[Services-wg] ARIN Services WG - CKN23 materials for your consideration
John Curran
jcurran at arin.net
Tue Jun 14 16:40:45 EDT 2016
On Jun 14, 2016, at 2:27 PM, David R Huberman <daveid at panix.com<mailto:daveid at panix.com>> wrote:
John,
Thank you for the reply. You wrote:
Actually, this issue has originated not with staff, but from a significant
number of folks who have found themselves no longer able to update
the DNS servers (or origin AS) for a legacy network block, either though
they were the original technical contact.
Wait. That's by design, isn't it?
If Block X is registered to Company Y, then any authorized employee of Company Y can update the rDNS or origin_AS through normal channels. Anyone complaining they _can't_ update is *possibly* unauthorized (and therefore should go through ARIN's procedures). Right?
David -
Slightly more convoluted case (and obviously this is predominantly an
issue with legacy address blocks that have been long ignored…)
Jim Smith gets an /24 for his networking company “Sprockets” in 1994,
so that he can connect to the Internet. He gets /24) and connects to
the Internet via one the early commercial ISPs.
The netblock reads as follows:
Sprockets
4131 El Camino Real, Palo Alta CA
X.Y.Z/24
Jim Smith
jim at well.com<mailto:jim at well.com>
Apparently, Jim left Sprockets sometime in the late 90’s…
Twenty years later, Jim has called and is very upset with ARIN for having
“munged it" all up -
1) The organization field is set to “Sprockets”, not him.

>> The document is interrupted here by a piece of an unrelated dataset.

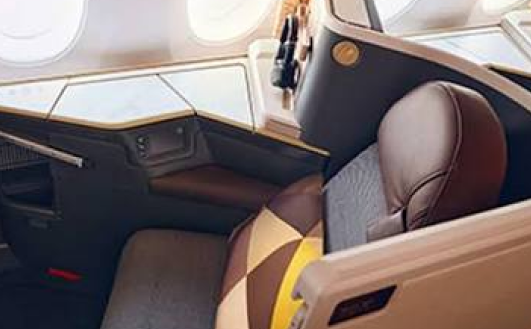 Обзор перелета бизнес-классом авиакомпании Etihad Airways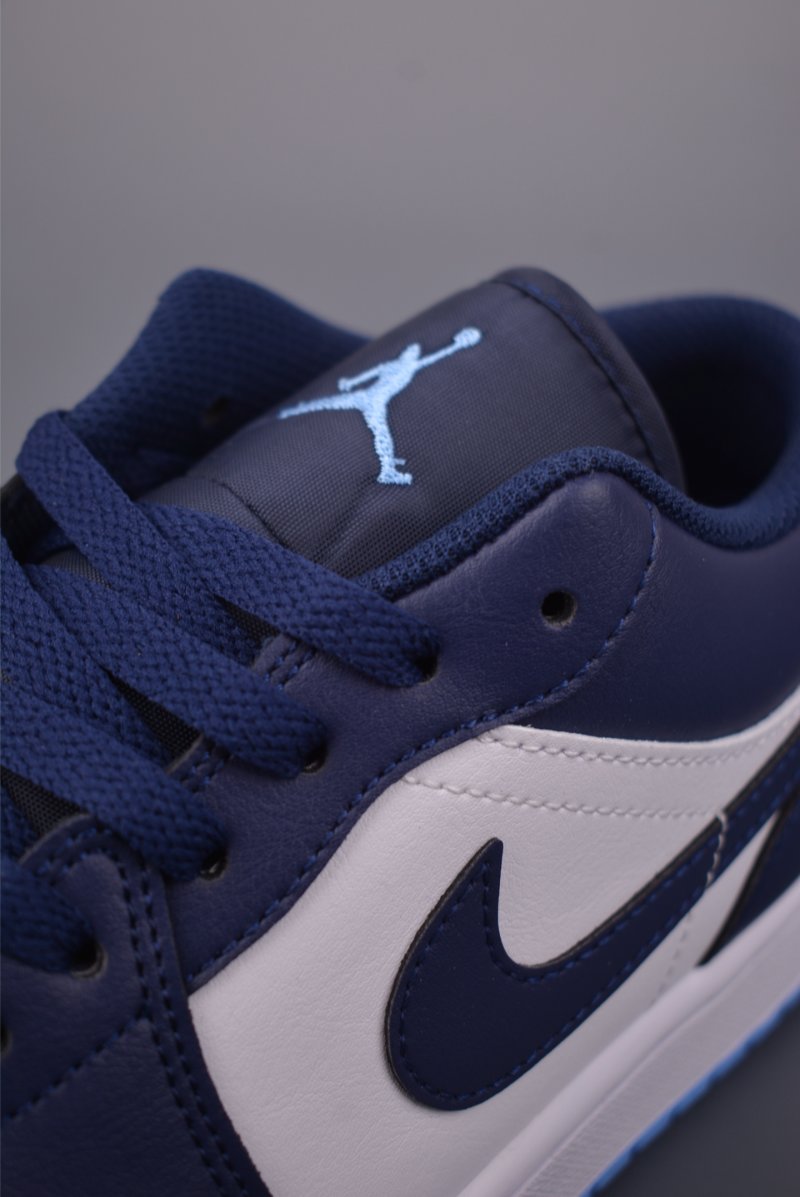Air Jordan 1 Low 'Blue / White' view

2) The Admin Contact for the organization says CKN-23
3) While he would swear he was the tech contact on the Sprockets org
(he still has his Well email and updated the DNS servers around 2005
to a friend’s DNS server), but for for some reason it now says CKN-23
for Tech Contact and he can’t regain control of the Sprockets org record.
4) He is now listed only as the Abuse contact.
Jim’s not a happy camper, and wants to know why ARIN disassociated him
with his address block randomly sometime after 2010. Jim says that he’s
been been using the address block for his house since leaving Sprockets
(no public IP, but he just uses NAT and connects via his public cable modem
IP address.)
ARIN has very much has disassociated him from the address block, and
actually may not let him recover the IP address block until he’s recovered
Sprockets. Sprockets may have melted down, been sold, etc. and it is not
clear that Jim has any paperwork that covers his exit, use of the IP block,
or anything that happened to Sprockets. Because we no longer allow him
as a abuse contact to update the DNS servers, he can’t even use “his” IP
block now that he’s getting a nice new Internet connection.
Does that help clarify the typical concern that we’re hearing from some legacy
address holders over our CKN23 database changes over the years?